* _GOAL OF THE EXERCISE_: Look below for the line containing "Panier suspendu azalea"; from there through the line containing "Lonely House In Autumn Forest", both lines included, please set down each line exactly and nothing else.

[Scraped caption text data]
- - - -

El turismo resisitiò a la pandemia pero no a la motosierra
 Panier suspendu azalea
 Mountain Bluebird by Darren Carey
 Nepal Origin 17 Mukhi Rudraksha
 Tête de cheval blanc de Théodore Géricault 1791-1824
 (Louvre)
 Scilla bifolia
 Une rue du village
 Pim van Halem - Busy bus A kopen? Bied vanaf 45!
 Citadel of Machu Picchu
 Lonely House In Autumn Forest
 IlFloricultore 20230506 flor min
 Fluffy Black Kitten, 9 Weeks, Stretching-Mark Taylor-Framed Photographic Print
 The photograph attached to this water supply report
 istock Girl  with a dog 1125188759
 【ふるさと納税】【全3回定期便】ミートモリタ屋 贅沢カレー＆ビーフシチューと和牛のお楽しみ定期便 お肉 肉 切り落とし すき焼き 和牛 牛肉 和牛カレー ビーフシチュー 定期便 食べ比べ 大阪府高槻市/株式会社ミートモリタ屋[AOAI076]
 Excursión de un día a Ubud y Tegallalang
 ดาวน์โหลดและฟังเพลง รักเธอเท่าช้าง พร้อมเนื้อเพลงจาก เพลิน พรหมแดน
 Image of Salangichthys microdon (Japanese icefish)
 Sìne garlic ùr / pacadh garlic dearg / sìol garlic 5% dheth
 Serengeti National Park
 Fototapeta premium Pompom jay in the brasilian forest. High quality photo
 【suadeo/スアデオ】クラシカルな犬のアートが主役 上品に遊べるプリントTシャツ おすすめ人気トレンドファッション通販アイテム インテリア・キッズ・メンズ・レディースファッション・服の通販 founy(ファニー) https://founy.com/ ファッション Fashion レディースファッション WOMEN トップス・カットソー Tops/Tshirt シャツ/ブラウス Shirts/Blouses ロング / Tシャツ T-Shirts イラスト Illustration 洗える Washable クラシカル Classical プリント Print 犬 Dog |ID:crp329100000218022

- - - -

* _SOLUTION TO THIS EXERCISE_:
 Panier suspendu azalea
 Mountain Bluebird by Darren Carey
 Nepal Origin 17 Mukhi Rudraksha
 Tête de cheval blanc de Théodore Géricault 1791-1824
 (Louvre)
 Scilla bifolia
 Une rue du village
 Pim van Halem - Busy bus A kopen? Bied vanaf 45!
 Citadel of Machu Picchu
 Lonely House In Autumn Forest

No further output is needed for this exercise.